The rate of refused arrest requests as well as the rate of dropped prosecutions has improved somewhat over the last six years, but remains low. One small positive is the higher than expected number of denied arrest requests from the police. On the other hand, the rate of dropped prosecutions for insufficient evidence remains very low at just about 5% (except for 2020, where it’s under 3%).

The pessimistic view among many observers, former suspects and Chinese criminal defense lawyers largely holds true: once an arrest is approved, it is almost certain (92.08%) that the suspect will be brought to trial, at which point he or she will have a 99.95 to 99.96 percent chance of being found guilty.

Overall, within the narrow confines of the official criminal justice system, the rate of prosecution and conviction remains similar but in light of new systems for detention and punishment the picture represents a noteworthy deterioration for detention and imprisonment.


[1] Denotes “public prosecutions”, i.e., prosecutions brought forth by the prosecutor’s office. In Chinese law there is a concept of “private prosecution” as well, but it is not relevant for this analysis.

[i] In these work reports large numbers are measured in the thousands, hence the value for large numbers is given in the thousands, unlike that for small numbers, such as non-guilty verdicts, which are given in exactness.

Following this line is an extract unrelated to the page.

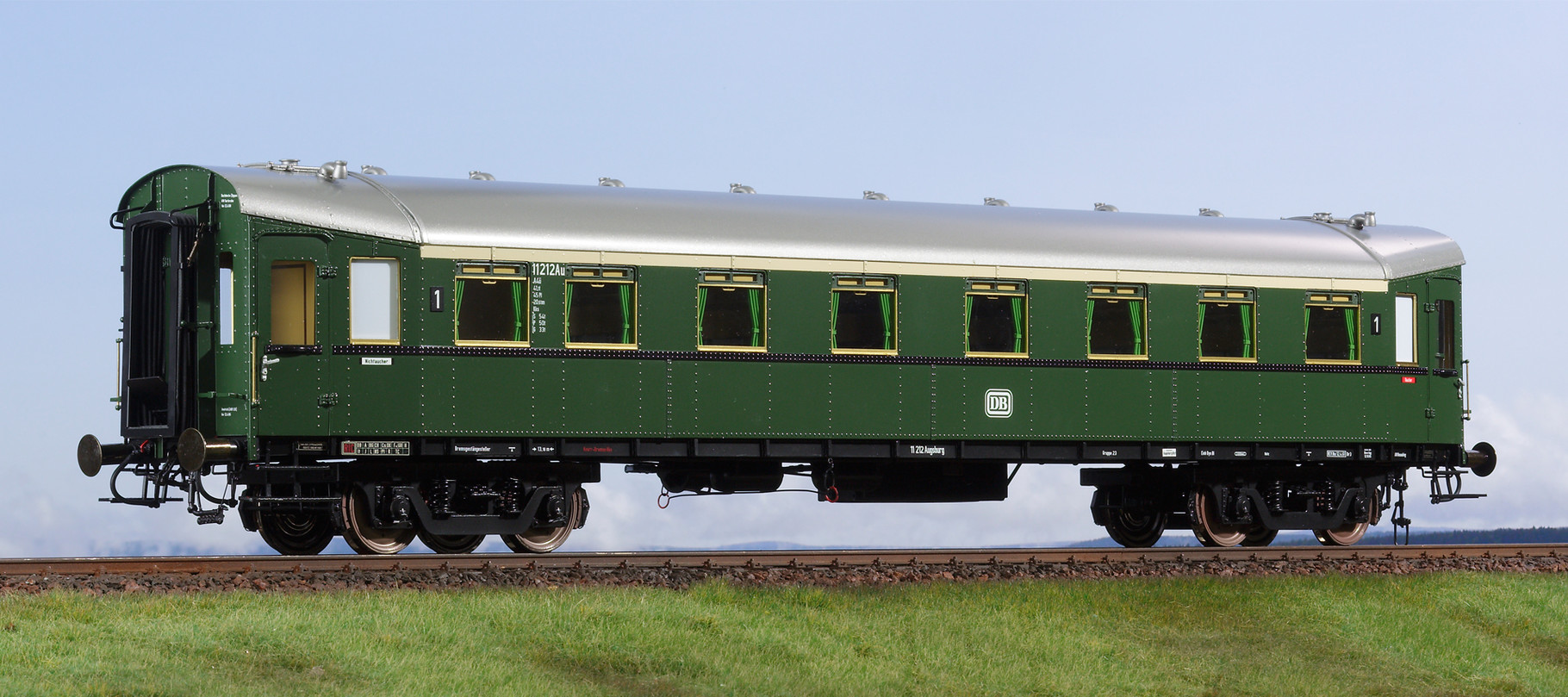 DB Hechtwagen, 1. Klasse (Bild zeigt Spur 1-Modell)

[ii] For the four years for which both data exist, no arrest due to “unnecessary” is at about 73.15% of no arrest due to “insufficient evidence or no crime”. It varies as: 2013: 81.96%, 2014: 73.1%, 2015: 68.42%, and 2018: 69.12%.

[iii] For the four years for which both data exist, released from prosecution due to such being “unnecessary” is at about 40.2% of no prosecution due to “insufficient evidence”. It varies as: 2013: 31.96%, 2014: 44.56%, 2015: 50.76%, and 2018: 33.54%.